Following an executive order issued during the first quarter of the year, the Social Security Administration (SSA) is currently encouraging all beneficiaries who still receive their benefits through mailed paper check to switch over their payment method to an electronic one. The March 25th executive order titled “Modernizing Payments To and From America’s Bank Account” was issued with the aim of optimizing all transactions and disbursements both to and from the federal government.
This is not the first attempt of its kind in the federal space. If you go back as far as 1991, you will find that the federal budget then too had a provision in it that required the federal government to discontinue use of paper checks as best it can by January 1999. As such, following the issuing of the executive order, the SSA in July posted an update on its blog confirming that the agency will also bring an end to the issuing of paper checks come September 30th.
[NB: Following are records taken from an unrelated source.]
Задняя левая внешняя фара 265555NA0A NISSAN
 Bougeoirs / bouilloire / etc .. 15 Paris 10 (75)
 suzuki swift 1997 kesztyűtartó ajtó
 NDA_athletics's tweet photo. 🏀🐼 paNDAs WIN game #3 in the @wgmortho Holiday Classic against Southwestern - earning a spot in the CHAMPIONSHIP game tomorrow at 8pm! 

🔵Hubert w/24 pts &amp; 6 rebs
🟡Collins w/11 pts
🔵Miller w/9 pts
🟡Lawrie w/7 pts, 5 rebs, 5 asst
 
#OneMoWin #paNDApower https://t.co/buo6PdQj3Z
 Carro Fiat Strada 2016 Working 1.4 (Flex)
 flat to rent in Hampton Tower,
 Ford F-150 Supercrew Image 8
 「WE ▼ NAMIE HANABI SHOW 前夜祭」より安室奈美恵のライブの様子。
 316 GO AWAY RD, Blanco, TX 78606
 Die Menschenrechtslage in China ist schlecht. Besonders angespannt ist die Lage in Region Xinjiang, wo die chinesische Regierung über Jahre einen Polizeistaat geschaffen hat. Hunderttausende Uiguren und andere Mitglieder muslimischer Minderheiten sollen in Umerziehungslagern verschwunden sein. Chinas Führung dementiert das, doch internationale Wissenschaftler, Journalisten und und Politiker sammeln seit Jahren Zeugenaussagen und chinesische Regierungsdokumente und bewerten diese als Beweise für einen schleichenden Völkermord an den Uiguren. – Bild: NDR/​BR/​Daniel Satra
Here is everything you need to know about this digital mandate, how to switch your payment method, and who qualifies for a waiver.
Goodbye paper checks
Digitization more often than not translates directly into efficiency which is why this executive order makes sense in the context of how the world at large transacts today. The executive order cites “unnecessary costs; delays; and risks of fraud, lost payments, theft, and inefficiencies” as its rationale behind doing away with paper checks on such a large scale.
The SSA also cites similar reasons for no longer issuing paper checks, claiming that through this change, the agency aims to “improve efficiency, security, and ensure beneficiaries receive their monthly benefits promptly.” In addition to enhanced security and increased efficiency, the SSA also notes that, “according to the U.S. Department of the Treasury, issuing a paper check costs about 50 cents, whereas an EFT costs less than 15 cents. This shift could save the federal government millions of dollars annually.”
How to switch Social Security payment methods
According to the SSA’s update, the beneficiaries who are currently receiving paper checks scan switch their payment methods to either a Direct Deposit of a Direct Express Card. If the beneficiary does not have a bank account, they will opt for a Direct Express Card which is a “prepaid debit card designed specifically for federal benefit payments.”
The agency has stated that when it mails out paper checks, it is currently including inserts explaining this change and the steps the beneficiary can take to change their payment method as it hopes to have as many beneficiaries transitioned as possible. The SSA also notes that their technicians are available for those who require assistance.
If you are a beneficiary who receives paper checks but would like to change your payment method, you can do so online through your my Social Security account.
Exceptions
Over 99% of Social Security recipients already receive their benefits through direct deposit. The remaining less than one percent of beneficiaries totals to around half a million individuals. This cohort is likely the most vulnerable of the total beneficiaries either due to advanced age or being unbanked and as such, transitioning payment methods may not be possible for them.
“A household is considered unbanked if no one in the household has a checking or savings account at a bank or credit union, according to the Federal Deposit Insurance Corporation. “In 2023, 4.2% of U.S. households—about 5.6 million households— were unbanked.”
As such, SSA Commissioner Frank Bisignano recently shared confirmation that exceptions will be made in cases where a digital payment method is deemed unfeasible. The Department of Treasury has also confirmed that a waiver will be granted in “rare circumstances”.
The Treasury states on its GoDirect website that to qualify for a waiver, at least one of the following three criteria must be met:
- The check recipient is an individual to whom electronic payments would impose a hardship due to a mental impairment.
- The check recipient lives in a remote geographic location lacking the infrastructure to support electronic financial transactions.
- The check recipient is age 90 or above.